1151046 - UAF in nr_ice_peer_ctx_destroy_cb

Reporter

Description

•

9 years ago

From crash-stats:

https://crash-stats.mozilla.com/signature/?signature=nr_ice_peer_ctx_destroy_cb&_columns=date&_columns=product&_columns=version&_columns=build_id&_columns=platform&_columns=reason&_columns=address&page=1

Looking at the track, the ice_ctx seems to have been freed.

There is only one place that leads to a call to this function:

https://dxr.mozilla.org/mozilla-central/source/media/mtransport/nricectx.cpp?from=~NrIceCtx&case=true#524

Here we end up scheduling two timers, the first to destroy the ice_peer_ctx, and the second to free the ice_ctx. In this order, we're fine, but if somehow these timers execute in the opposite order we end up seeing a crash like the ones above. 
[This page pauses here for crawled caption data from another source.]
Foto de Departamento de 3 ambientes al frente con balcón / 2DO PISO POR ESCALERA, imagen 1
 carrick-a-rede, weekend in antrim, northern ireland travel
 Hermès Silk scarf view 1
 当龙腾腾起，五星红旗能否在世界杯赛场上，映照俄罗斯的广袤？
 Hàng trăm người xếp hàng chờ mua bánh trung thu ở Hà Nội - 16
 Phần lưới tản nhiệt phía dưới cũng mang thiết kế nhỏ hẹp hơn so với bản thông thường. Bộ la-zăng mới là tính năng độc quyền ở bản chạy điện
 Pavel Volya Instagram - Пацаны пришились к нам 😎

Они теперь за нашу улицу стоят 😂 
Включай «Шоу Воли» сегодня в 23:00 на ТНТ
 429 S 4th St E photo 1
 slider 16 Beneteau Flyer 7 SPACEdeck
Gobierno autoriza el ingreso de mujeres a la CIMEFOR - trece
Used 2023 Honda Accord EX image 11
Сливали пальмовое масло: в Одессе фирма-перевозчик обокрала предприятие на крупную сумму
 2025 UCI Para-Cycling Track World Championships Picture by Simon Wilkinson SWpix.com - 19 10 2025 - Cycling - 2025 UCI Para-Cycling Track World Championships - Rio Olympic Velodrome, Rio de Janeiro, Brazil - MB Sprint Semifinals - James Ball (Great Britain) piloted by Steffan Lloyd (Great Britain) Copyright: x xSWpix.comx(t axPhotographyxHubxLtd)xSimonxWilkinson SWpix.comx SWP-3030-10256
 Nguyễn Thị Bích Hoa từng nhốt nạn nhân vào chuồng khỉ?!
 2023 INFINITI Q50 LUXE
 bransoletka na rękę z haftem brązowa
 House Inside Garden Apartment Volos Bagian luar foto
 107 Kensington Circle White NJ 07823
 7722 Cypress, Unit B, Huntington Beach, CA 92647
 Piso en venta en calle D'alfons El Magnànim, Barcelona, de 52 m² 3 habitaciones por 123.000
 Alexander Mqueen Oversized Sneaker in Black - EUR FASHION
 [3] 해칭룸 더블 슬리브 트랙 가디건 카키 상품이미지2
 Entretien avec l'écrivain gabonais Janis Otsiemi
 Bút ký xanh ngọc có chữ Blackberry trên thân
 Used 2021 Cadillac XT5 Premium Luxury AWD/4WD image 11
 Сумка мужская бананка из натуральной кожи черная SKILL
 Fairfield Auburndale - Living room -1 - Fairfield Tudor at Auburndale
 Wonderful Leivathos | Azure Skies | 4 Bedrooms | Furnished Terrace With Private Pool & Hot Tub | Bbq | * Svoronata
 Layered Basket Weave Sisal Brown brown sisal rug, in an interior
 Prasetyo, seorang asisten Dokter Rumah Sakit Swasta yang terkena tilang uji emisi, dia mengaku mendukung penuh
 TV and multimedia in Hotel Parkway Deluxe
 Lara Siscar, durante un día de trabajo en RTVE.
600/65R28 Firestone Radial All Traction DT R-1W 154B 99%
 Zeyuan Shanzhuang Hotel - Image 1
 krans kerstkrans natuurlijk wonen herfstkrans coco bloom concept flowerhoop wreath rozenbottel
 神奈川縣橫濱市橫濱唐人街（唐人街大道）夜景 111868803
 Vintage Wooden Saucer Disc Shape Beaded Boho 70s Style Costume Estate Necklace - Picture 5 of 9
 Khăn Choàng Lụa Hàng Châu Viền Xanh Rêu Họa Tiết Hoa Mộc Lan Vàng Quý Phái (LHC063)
Given that I trust the timer stuff as far as I can throw it (which has not proven to be very far, since my trash can is a scant 2 feet from me), we should probably not trust these to happen in the order we schedule them in.

Byron Campen [:bwc]

Reporter

Comment 1

•

9 years ago

It is also possible that we're messing up our refcount on NrIceCtx somehow, resulting the the d'tor running twice. This would explain some other UAFs we're seeing where the "free" only happens during teardown of the whole NrIceCtx.

Eric Rescorla (:ekr)

Comment 2

•

9 years ago

FWIW, I have repeatedly assumed that things do happen in the right order.
Should we rewrite NR_async_timer_set() to enforce that? It wouldn't be
hard.

Flags: needinfo?(docfaraday)

Byron Campen [:bwc]

Reporter

Comment 3

•

9 years ago

Clearing ni per discussion with ekr.

Flags: needinfo?(docfaraday)

Byron Campen [:bwc]

Reporter

Comment 4

•

9 years ago

So, reading and thinking some more, since we're crashing because of poisoned memory down in nr_ice_peer_ctx_destroy_cb, if ~NrIceCtx() is running for the second time, I would expect us to crash due to poisoned memory here:

https://dxr.mozilla.org/mozilla-central/source/media/mtransport/third_party/nICEr/src/ice/ice_peer_ctx.c#497

Also, given that NrIceCtx is virtual, I would expect the vptr to be poisoned as well, which means we probably wouldn't even be able to invoke the d'tor (I don't see how the compiler would know the static type, and be able to avoid following the vptr, anywhere other than in NrIceCtx::Create()).

Byron Campen [:bwc]

Reporter

Comment 5

•

9 years ago

Actually, there's a third possibility here: we're crashing here.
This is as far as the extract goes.